Once I went into the woods to observe a ten-day solitary retreat, camping under a tree. It was a desperate effort to try to heal and center myself during radical changes taking place in my life. About the third day in this wilderness spot, as I watched some hawks soar overhead, I suddenly heard a voice that spoke to me just as audibly as one hears words in a dream. I was hearing with the same kind of hearing capability that we utilize in dreams. The voice said, “Can you get this off? It is irritating me.” Strange message, I thought. I gazed about the area with wonder. My eyes were drawn to a dead branch that had fallen from the top of the tree, now draped awkwardly around a lower branch. I knew immediately that these words had been the tree’s, asking me to remove this uncomfortable appendage. With great effort it was removed, and then the tree spoke again, just as audibly, with a powerful sigh saying, “Thank you!” My mind or imagination could never have conceived of such a strange story. This tree had broken through my autism and communicated with me.
Some months later I visited this spot again, and remembering our conversation I asked the tree, “What can I do for you?” My eyes were drawn very quickly to something and I took care of it lovingly and gratefully. Later that night I was sleeping outdoors about a mile from the tree when a fog rolled in thicker than pea soup, as they say.

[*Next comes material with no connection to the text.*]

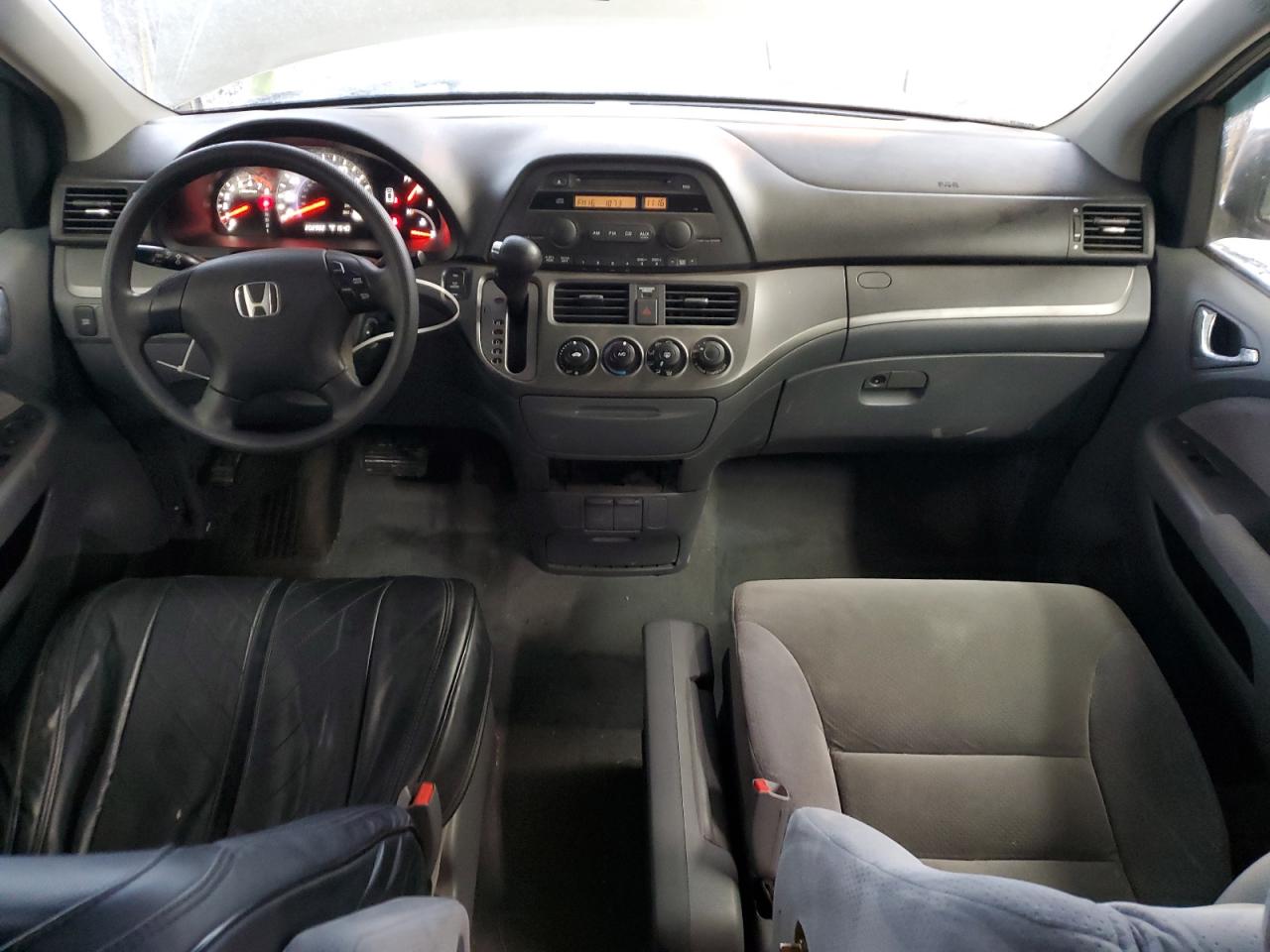 2005 Honda Odyssey Lx VIN: 5FNRL38245B086878 Lot: 90512305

I couldn’t even see the hands at the end of my arms. I awakened and felt pulled, as if I were on the other end of a rubber band. I couldn’t get my boots on fast enough before I began walking, in black darkness and thick fog, over wild, bushy and uneven terrain, like in a dream, but completely awake in every sense. I heard wild animals hiss as I passed them, irritated by my brazen movement through their territory, yet not even a shiver of fear went through me. I could have, should have, tripped on rocks, run into trees or bushes, or fallen off of ridges, but I walked safely on as completely “other” senses were in complete charge of my journey. Suddenly I arrived at the base of my tree, miraculously knowing exactly where I was. The tree then spoke to me saying, firmly and sweetly, “What can I do for you?” There was an urgent prayer weighing on my heart so I blurted it out to the tree as I wept, feeling more touched and truly seen than maybe I ever have felt in my entire life.

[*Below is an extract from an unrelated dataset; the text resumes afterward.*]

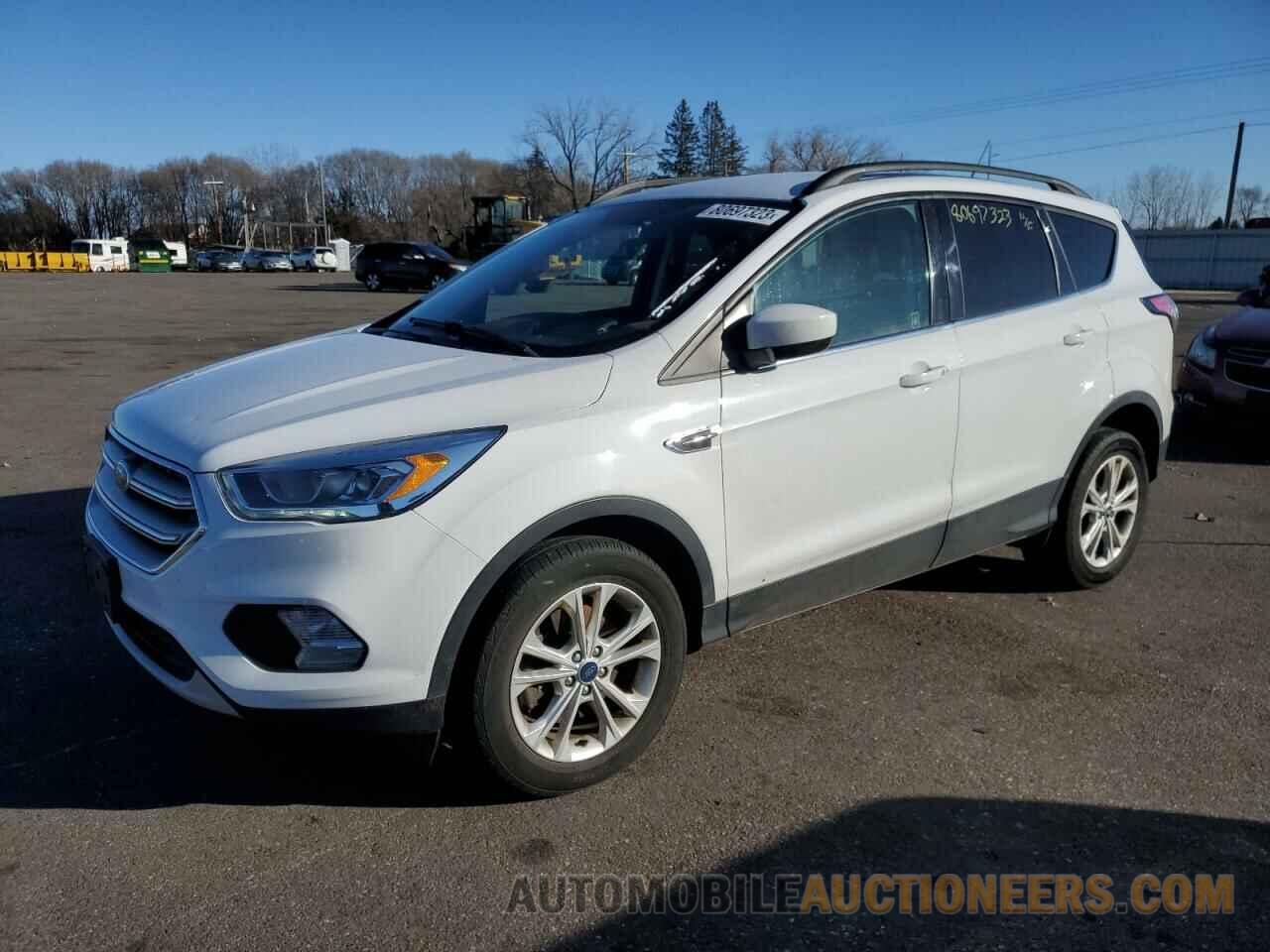 1FMCU9HD8JUD19133 FORD ESCAPE 2018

I remember hearing Brian Swimme marvel in his lovely talks on the tape set entitled Canticle to the Cosmos that jellyfish migrate thousands of miles, without eyes and without a brain, arriving precisely at their destination, no problem. My experience in the middle of that night being pulled toward my tree causes me to believe that humans have similar senses to those of the jellyfish. I arrived at my destination without eyes, and apparently without the use of my brain, no problem. Something operating at a cellular level seemed to be in charge, and somehow I trusted it implicitly.
It is my belief that the human’s next evolutionary challenge will be to revive such innate and astounding sensibilities and to follow their powerful lead, without throwing out or losing what we have gained through painful effort and sacrifice over the last centuries of human exploration and development. We cannot and should not go back to what we were before these advances, nor can we afford to ignore any longer the parts of ourselves that were shut off in order to proceed as we have. The human’s psychological life, emotional life, spiritual life and the earth itself can no longer sustain the effects of the autism that has developed.

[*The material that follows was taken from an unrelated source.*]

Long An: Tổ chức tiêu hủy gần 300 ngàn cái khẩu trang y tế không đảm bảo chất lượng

One person at a time will begin to deeply listen, set the intention, open awareness, and commit. The journey of discovery and transformation begins with a desire to no longer be involved in the collective pathology, but to awaken to old and new potentials, and previously unimagined possibilities. Any pain experienced during the processes is soothed by the knowledge that we labor in a colossal project of renewal for the health of all systems on this gorgeous planet. What else is there to do?